Former US vice president and presidential candidate Kamala Harris once recounted how, as a little girl in San Francisco, she joined her Jewish friends in collecting donations for Israel, using the JNF’s Blue Box. “I didn’t know much,” she said, “but I knew it was important.”

It’s not only a moving anecdote, but a reminder of an all too recent era in which Israel was an exemplar in the world: a pioneering, democratic country that shared core values with the American public; one that sparked solidarity even in a non-Jewish girl who felt proud to make a small contribution to its establishment.

The Blue Box, a symbol of Jewish unity and a shared Zionist vision, expressed the profound bond between many in the United States, especially among the Jewish community, and the State of Israel. It was not a relationship without criticism, but even when there was criticism, it always came from a place of care, belonging, and love. Years of occupation in the West Bank and Gaza have sparked serious controversy, but the Democratic Party and American Jewry have largely remained on Israel’s side.

On October 7, 2023, the harsh images from Israel reawakened this emotion. The American administration, and American Jewry in particular, rallied to its cause with love and dedication, through aid projects, fundraising, and support for the residents of Israel’s Gaza border region, the bereaved families, and the abductees. But the never-ending war and the horror of alleged starvation and mass destruction is undermining this foundation.

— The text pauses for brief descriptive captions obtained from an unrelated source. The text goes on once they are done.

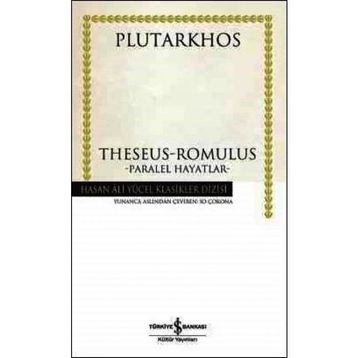 Theseus - Romulus - m plutarkhos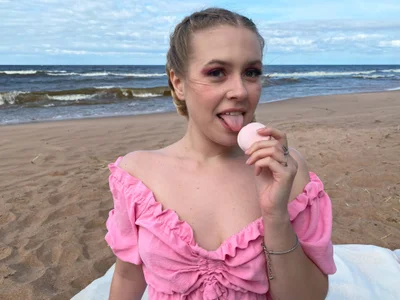 AngelAnty Lady in pink🩷 Pic 6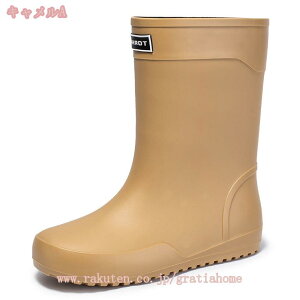 レインブーツ 長靴 ショート 軽量 カバー付き 庭掃除 洗車 釣り メンズ 防水 ローヒール かわいい ラバーシューズ 痛くない 歩きやすい 軽量 防滑 滑り止め 防水シューズ 雨靴 梅雨 台風 完全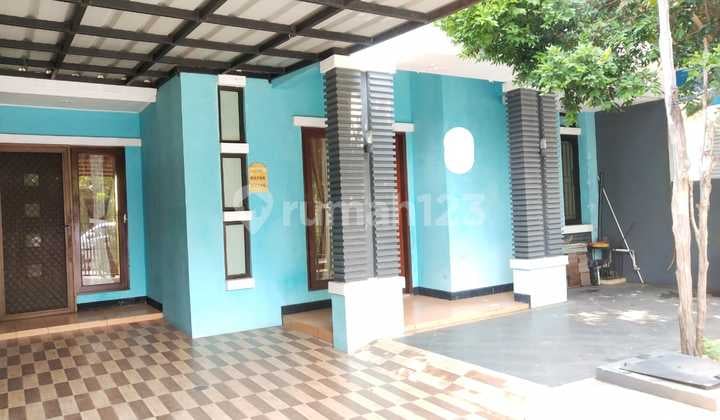 Dijual Rumah Termurah Cluster Aralia Harapan Indah Bekasi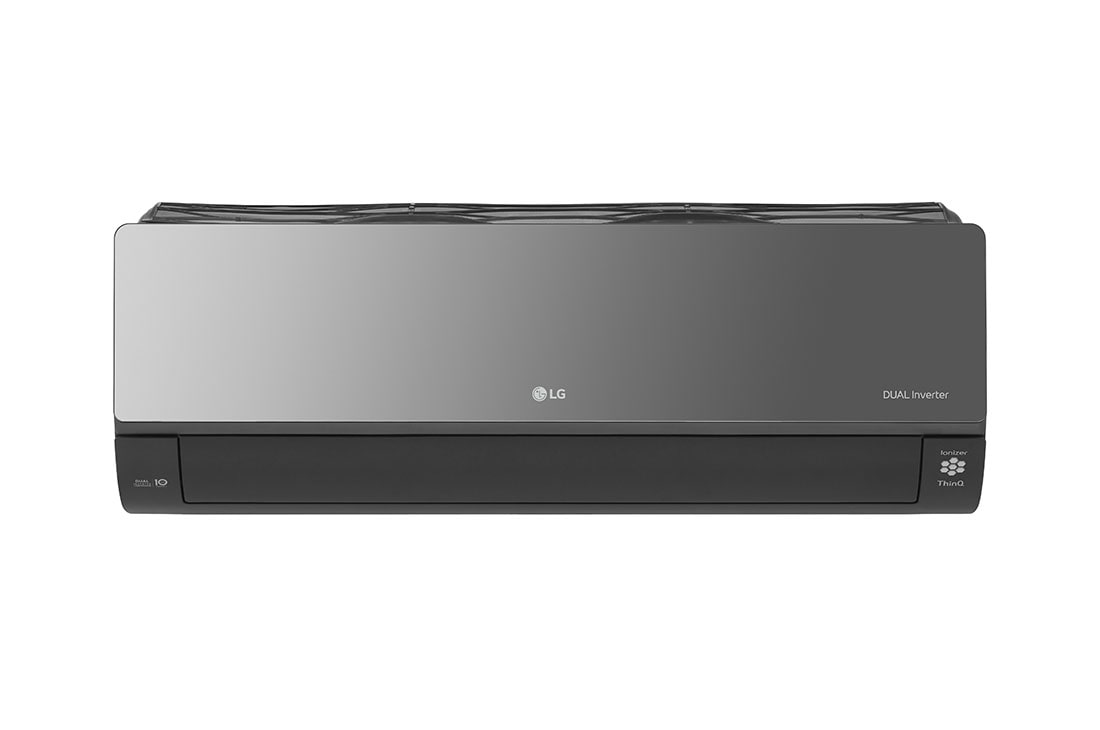 LG Кондиц?онер з ?нверторним компресором | Дизайн ''дзеркало'' | Площа до 35 м2, front view, AC12BK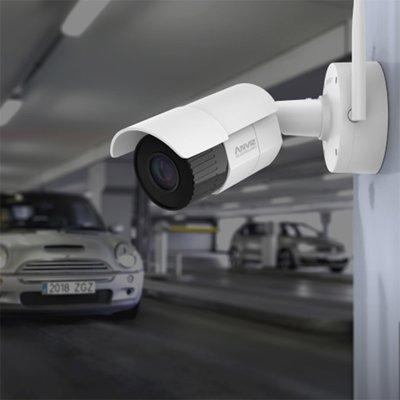 Anviz iCam-B38Z: AI Bullet Network Camera for Superior Outdoor Surveillance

Today, as the Netanyahu government pushes Israel toward international isolation and moral pariah status, Jews around the world find themselves caught in the crossfire. While Israelis can return home, Diaspora Jews are left navigating rising antisemitism alongside growing frustration and estrangement from a state that was meant to represent them.

Jewish Voice For Peace members and supporters hold a rally calling for a ceasefire in Gaza outside the Zeckelman Memorial Holocaust Museum in Farmington Hills, Michigan, U.S. December 22, 2023.
Jewish Voice For Peace members and supporters hold a rally calling for a ceasefire in Gaza outside the Zeckelman Memorial Holocaust Museum in Farmington Hills, Michigan, U.S. December 22, 2023. (credit: REBECCA COOK/REUTERS)

Across the Jewish world, many are experiencing a painful rupture: watching in horror as images and stories from Gaza circulate widely in their own countries and finding themselves agreeing more with their neighbors than with the policies of the Israeli government. At the same time, global Jewry faces the dangerous, antisemitic conflation of Israeli government actions with Jewish identity as a whole.

Deepening a rift between Israel, Diaspora Jewry

Young Jews, in particular, are being asked to defend a government whose values and conduct feel profoundly alien to them. This dissonance is deepening an already serious rift between Israel and Diaspora Jewry, between Jewish identity and Israeli statehood, and within the Jewish community itself.

The concept of Zionism, which for their parents symbolized national liberation, equality and hope, has become synonymous with oppression, ethnic cleansing, and starvation in the eyes of those around them, and sometimes in their own eyes, too. In such a reality, it is difficult for many of them to identify as Zionists.

They remember the essence of Zionism as conveyed to them by their parents, but discover that in the eyes of their friends, it is something completely different, and this undermines their own faith in it as well.

On American campuses, in particular, the socio-political arena shapes the next generation. Young Jews find themselves torn between the values they were raised on and their national identity. Many of them join the protests against Israel’s policy, under the banner of “Not in my name.”

If the State of Israel continues its trend of disengagement from universal values, it is liable to lose the heart of the next generation of world Jewry; a generation that will choose – which is already choosing, liberal values, friends, and conscience, over than a country that it perceives as having betrayed all of these, and which they feel is endangering them, as well.

Many surveys have shown over the years that the younger generation of Jews is distancing itself from Israel. However, since the outbreak of the Israel-Hamas War, with its attendant images and testimonies, largely unsympathetic toward the State of Israel, its standing is in free fall.

Ending the war is a paramount Israeli interest, but also a Jewish one.

It will not change the positions that have already been established, but it will be the start of a journey of correction, which, if it continues in the form of promoting regional normalization and the two-state vision, might help to begin rehabilitating Israel’s standing in the US – our most important ally in the world – and among our brothers and sisters of Diaspora Jewry.

The writer is J Street-Israel’s executive director. He has served as an Israeli diplomat in Washington and Boston and as a political adviser to the president of Israel.